P. V. : La situation en Tunisie n’est pas alarmante. Ennahda devrait recueillir un gros tiers des voix, le reste est constitué par un bloc démocratique solide. Dans la société, les garde-fous sont nombreux pour faire rempart aux dérives obscurantistes, entre les franges laïques, les franco-tunisiens, les modernistes, et la Fédération internationale des droits de l’Homme, qui est d’ailleurs dirigée par des Tunisiennes ! On peut compter sur les femmes tunisiennes pour ne pas se laisser faire. Je pense que les élections du 28 novembre en Egypte poseront le problème de façon plus préoccupante : au moins la moitié des votes iront au parti des Frères musulmans, qui affiche un islamisme nettement moins modéré.

TF : Que penser du discours d’Ennahda, qui se réclame d’un islam modéré, avec pour modèle l'AKP, le parti au pouvoir en Turquie ?

P. V. : Le parti Ennahda a donné beaucoup de gages de respect des lois en vigueur. Les membres de cette formation ont assisté à l’histoire, ils ont vu la guerre civile en Algérie, subi la répression sous Ben Ali… Je ne pense pas qu’ils prendront le risque de déclencher une guerre civile. Ce parti est dans une logique nationaliste et communautariste, mais ses dirigeants respectent la modernité de la Tunisie, notamment sur le statut de la femme, et savent à quel point le pays dépend des capitaux occidentaux et du tourisme. En Turquie, l’AKP a gagné la confiance de l’opinion par les urnes, développé l’économie du pays, et est entrain de négocier son entrée dans l’Europe, il est logique que le parti Ennahda veuille s’en inspirer. Evidemment, l'AKP a modifié les lois sur la laïcité, en autorisant le voile par exemple, mais les femmes n’en restent pas moins les plus nombreuses dans les universités, et les élites féminines ont un rôle majeur dans ce pays. Si l'on compare à l'Arabie saoudite, c'est le jour et la nuit.

TF : Le Conseil National de Transition (CNT) Libyen vient d’annoncer qu’il gouvernerait selon la charia. Qu’est-ce que cela implique exactement ?

P. V. : Cela ne veut pas dire grand-chose en fait. Il ne s’agit pas d’un code pour gouverner, en fait la charia ne contient rien sur l’organisation des pouvoirs publics, et n’est en soi pas incompatible avec un régime démocratique. La charia signifie « la voie vers Dieu » et sa base est le Coran. On y trouve des éléments de droit civil sur le mariage, l’héritage ou l’adoption, et du droit pénal avec les mesures que l’on connaît sur l’amputation des voleurs ou la décapitation au sabre. Je doute fort que la Libye rétablisse de tels procédés, proscrits par tous les pays, excepté l'Arabie saoudite.

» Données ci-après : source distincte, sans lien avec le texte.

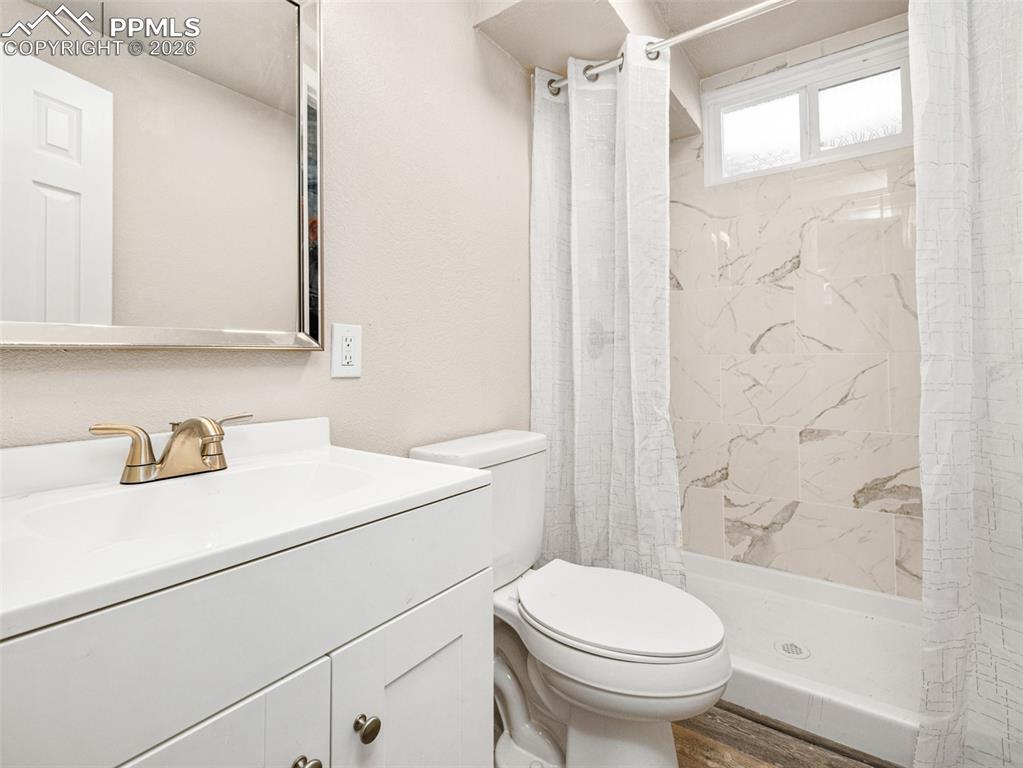 Image 15 of 18: Bathroom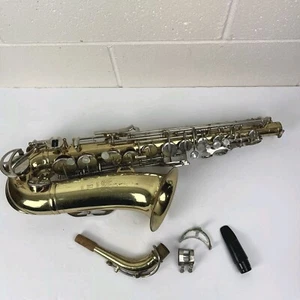 King Cleveland 613 Alto Saxophone - Picture 1 of 23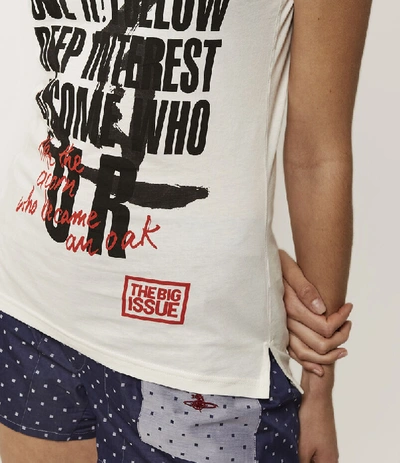 Shop Vivienne Westwood Tao T - Vivienne For Big Issue In White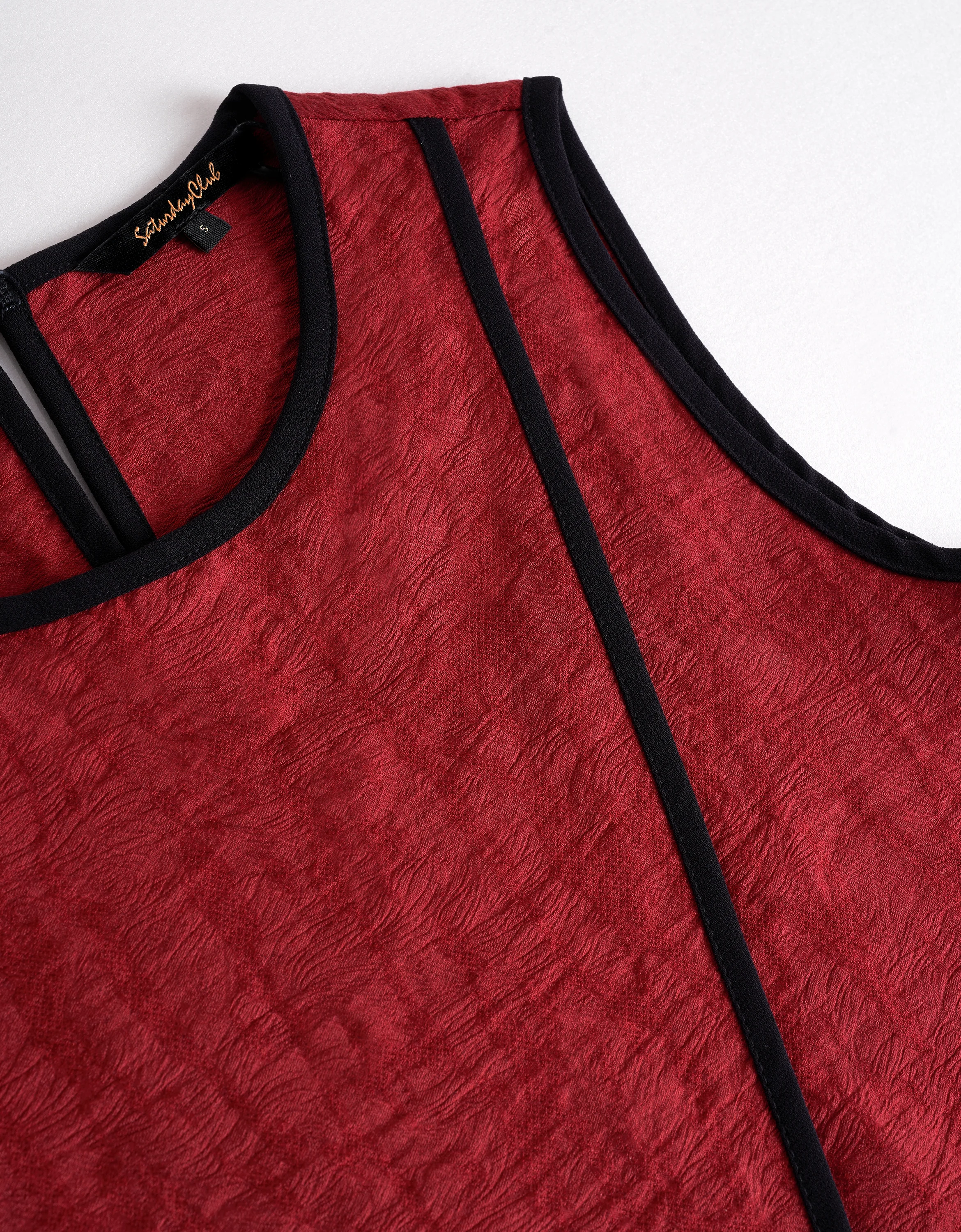 Asymmetric Contrast Trims Sleeveless Top - Image 4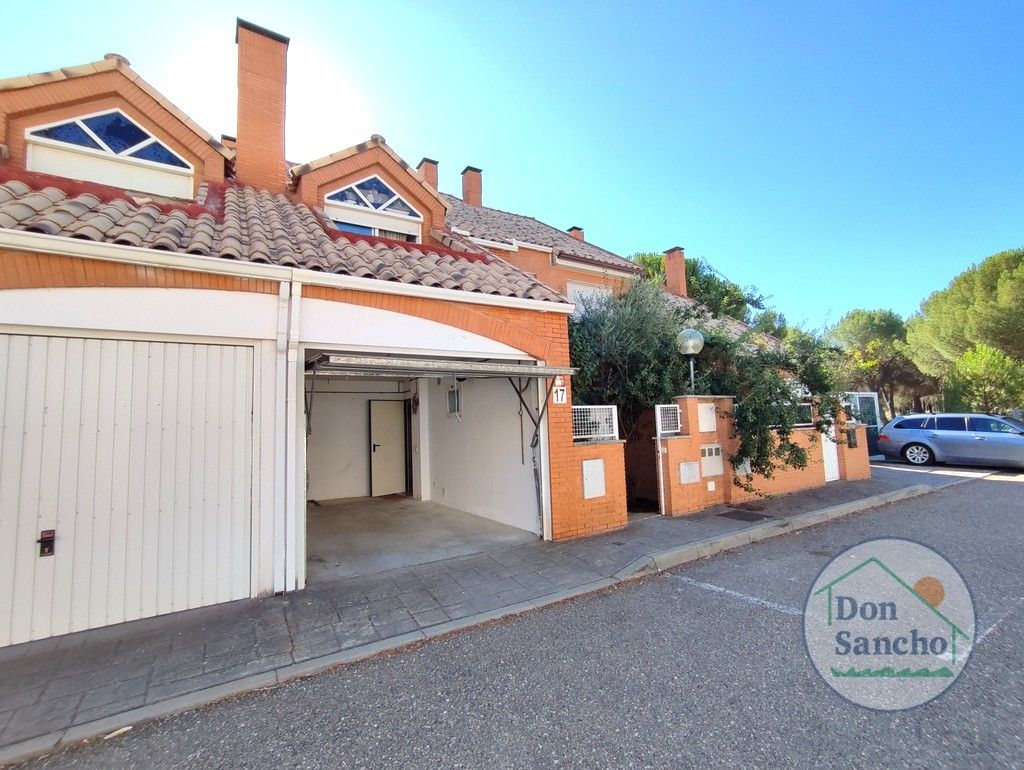 Exterior view of Single-family semi-detached for sale in La Pedraja de Portillo   with Heating, Terrace and Swimming Pool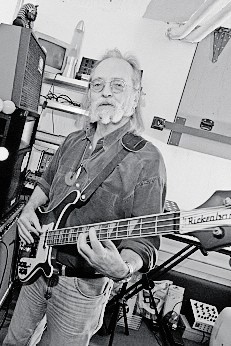 Nachruf: In den letzten Jahren ließ Peter Frohmader oft die Synthesizer stehen und hängte sich seinen Rickenbacker-Bass um.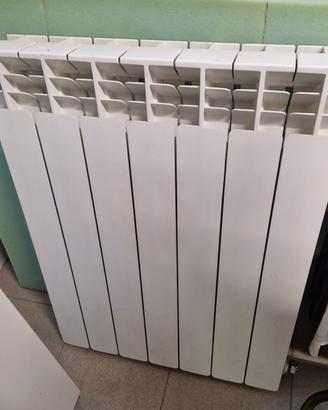 radiatore alluminio 600/700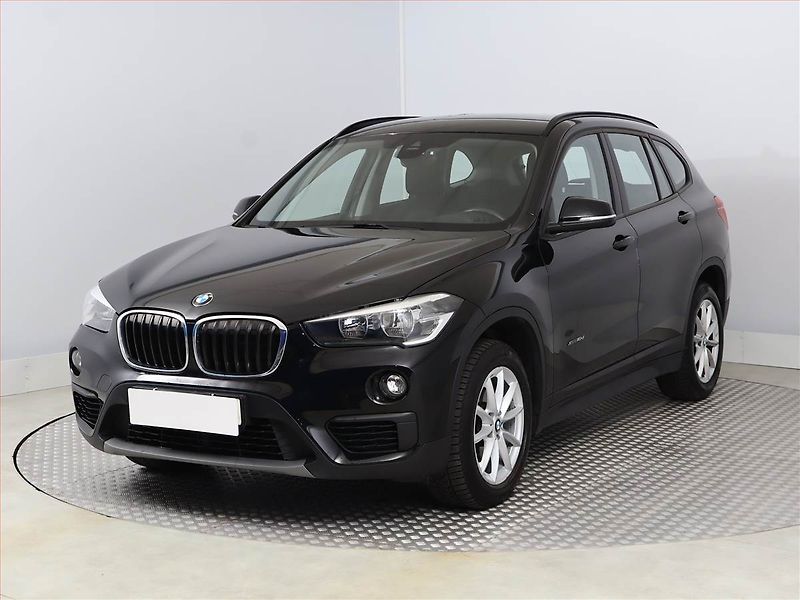 BMW X1 (2017) xDrive18d, 4X4, Automat, ČR - fotka 2 z 17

Je pense qu’il s’agit d’une stratégie politique du CNT pour fédérer les groupes armés dispersés dans le pays et obéissant à des chefs différents. La Libye est aujourd’hui au bord de la guerre civile, le CNT veut commencer l’unification du pays par l’armée, et la seule idéologie commune est l’islam, puisque Kadhafi n’est plus là pour fédérer les combattants contre lui, le CNT utilise donc la charia comme symbole de cette union. Mais dans les faits, tout reste à écrire sur le futur régime libyen, et des élections doivent être organisées.

TF : La charia autorise néanmoins la polygamie et la répudiation… Pour l’occident c’est une sacrée provocation.

P. V. : En effet, mais il ne faut pas prendre cela à la lettre, je pense vraiment que le CNT tente de répondre à une problématique interne, d’ailleurs, les propos sur la charia ont déjà été nuancés face à la réaction de l'occident. Il faut noter que la population libyenne est fortement alphabétisée, puisque Kadhafi a scolarisé tout le monde, en cela la Libye est une exception de la région. Les femmes ont ainsi des fonctions importantes dans le pays et ne se laisseront pas enfermer. Au Maroc et en Algérie, la polygamie est également autorisée, mais cela ne concerne plus que 1 à 2% des couples, infiniment moins qu'au Sahel ou dans le Golfe.